# Tutorials

## IncrementalInference.jl ContinuousScalar

This tutorial illustrates how `IncrementalInference`

enables algebraic relations (residual functions) between multiple stochastic variables, and how a final posterior belief estimate is calculated from several pieces of information. The application of this tutorial is presented in abstract from which the user is free to imagine any system of relationships: For example, a robot driving in a one dimensional world; or a time traveler making uncertain jumps forwards and backwards in time. The tutorial implicitly shows a multi-modal uncertainty introduced and transmitted. The tutorial also illustrates consensus through an additional piece of information, which reduces all stochastic variable marginal beliefs to unimodal only beliefs. The example will also illustrate the use of non-Gaussian beliefs and global inference. Lastly, the tutorial demonstrates how automatic initialization of variables works.

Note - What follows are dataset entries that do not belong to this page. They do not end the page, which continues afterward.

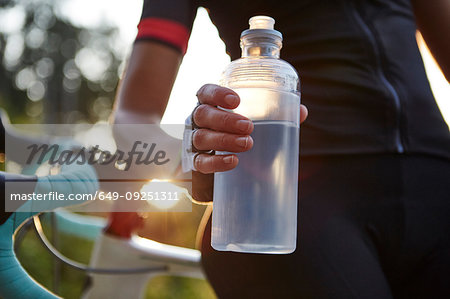 Female cyclist holding water bottle, mid section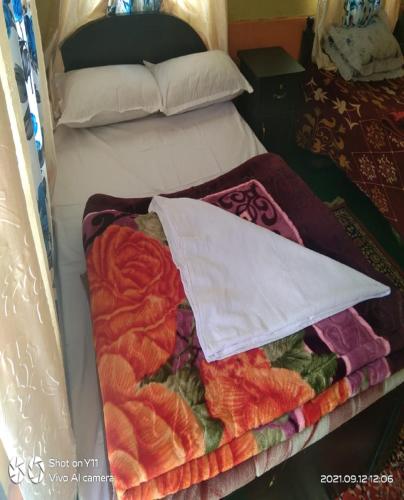 a bed with a bunch of blankets on it at Chiten Homestay by StayApart in Sonāda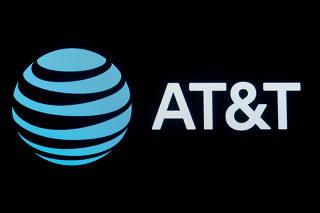 FILE PHOTO: The company logo for AT&T is displayed on a screen on the floor at the NYSE in New York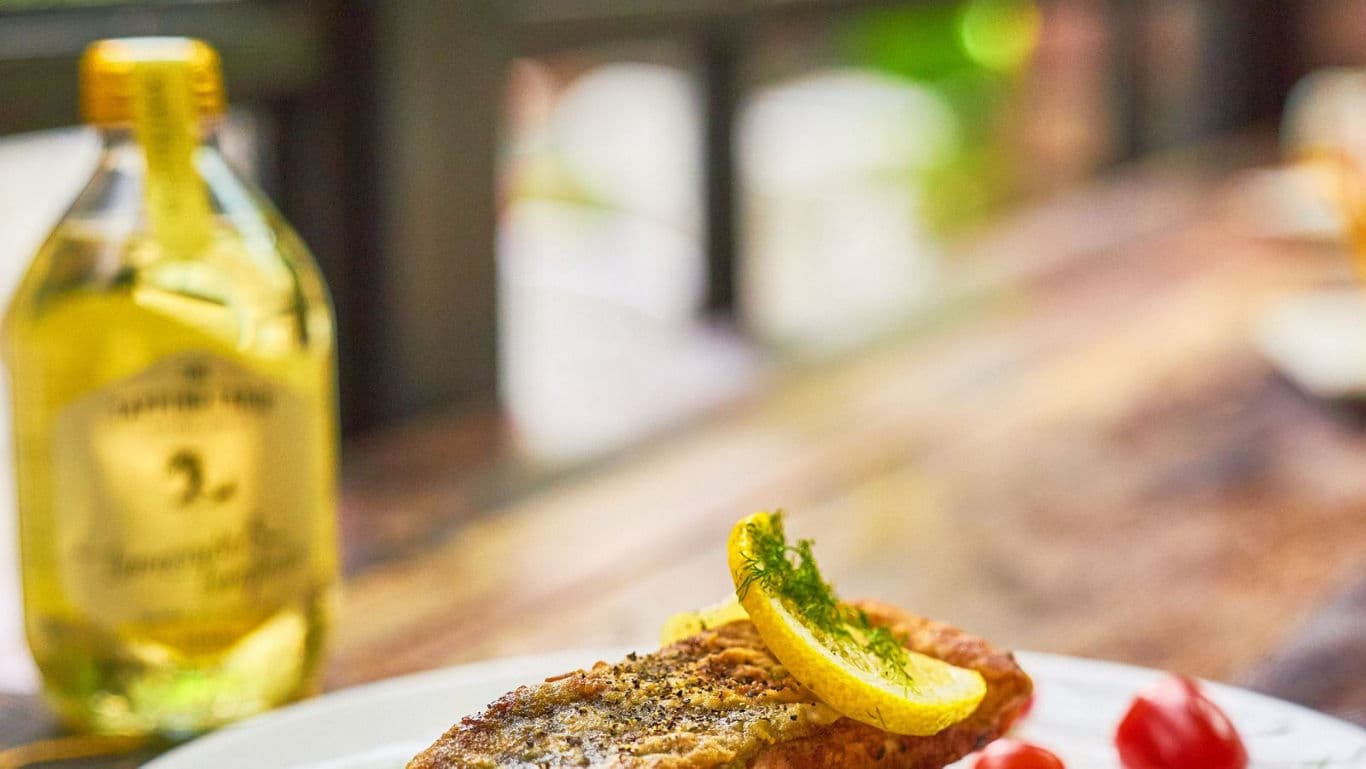 Grilled fish fillet with lemon garnish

This tutorial requires `IncrementalInference v0.3.0+, RoME v0.1.0, RoMEPlotting`

packages be installed. In addition, the optional `GraphViz`

package will allow easy visualization of the `FactorGraph`

object structure.

To start, the two major mathematical packages are brought into scope.

```
using IncrementalInference
# using Distributions # automatically reexported by IncrementalInference
```

Guidelines for developing your own functions are discussed here in Adding Variables and Factors, and we note that mechanizations and manifolds required for robotic simultaneous localization and mapping (SLAM) has been tightly integrated with the expansion package RoME.jl.

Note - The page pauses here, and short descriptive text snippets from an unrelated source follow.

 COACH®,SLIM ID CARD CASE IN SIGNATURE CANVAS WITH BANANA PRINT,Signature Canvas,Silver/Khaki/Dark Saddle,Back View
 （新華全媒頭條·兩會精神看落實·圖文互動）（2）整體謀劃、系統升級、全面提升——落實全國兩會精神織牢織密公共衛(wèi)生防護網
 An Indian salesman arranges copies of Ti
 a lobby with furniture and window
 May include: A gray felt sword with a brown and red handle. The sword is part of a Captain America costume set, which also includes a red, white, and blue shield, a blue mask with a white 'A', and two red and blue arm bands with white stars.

The next step is to describe the inference problem with a graphical model of type `IncrementalInference.FactorGraph`

. The first step is to create an empty factor graph object and start populating it with variable nodes. The variable nodes are identified by `Symbol`

s, namely `:x0, :x1, :x2, :x3`

.

```
# Start with an empty factor graph
fg = initfg()
# add the first node
addVariable!(fg, :x0, ContinuousScalar)
# this is unary (prior) factor and does not immediately trigger autoinit of :x0.
addFactor!(fg, [:x0], Prior(Normal(0,1)))
```

Factor graphs are bipartite graphs with `factors`

that act as mathematical structure between interacting `variables`

. After adding node `:x0`

, a singleton factor of type `Prior`

(which was defined by the user earlier) is 'connected to' variable node `:x0`

. This unary factor is taken as a `Distributions.Normal`

distribution with zero mean and a standard devitation of `1`

. `Graphviz`

can be used to visualize the factor graph structure, although the package is not installed by default – `$ sudo apt-get install graphviz`

. Furthermore, the `writeGraphPdf`

member definition is given at the end of this tutorial, which allows the user to store the graph image in graphviz supported image types.

```
writeGraphPdf(fg)
# writeGraphPdf(fg, file="fgx01.pdf") # file="fgx01.png"
```

The two node factor graph is shown in the image below.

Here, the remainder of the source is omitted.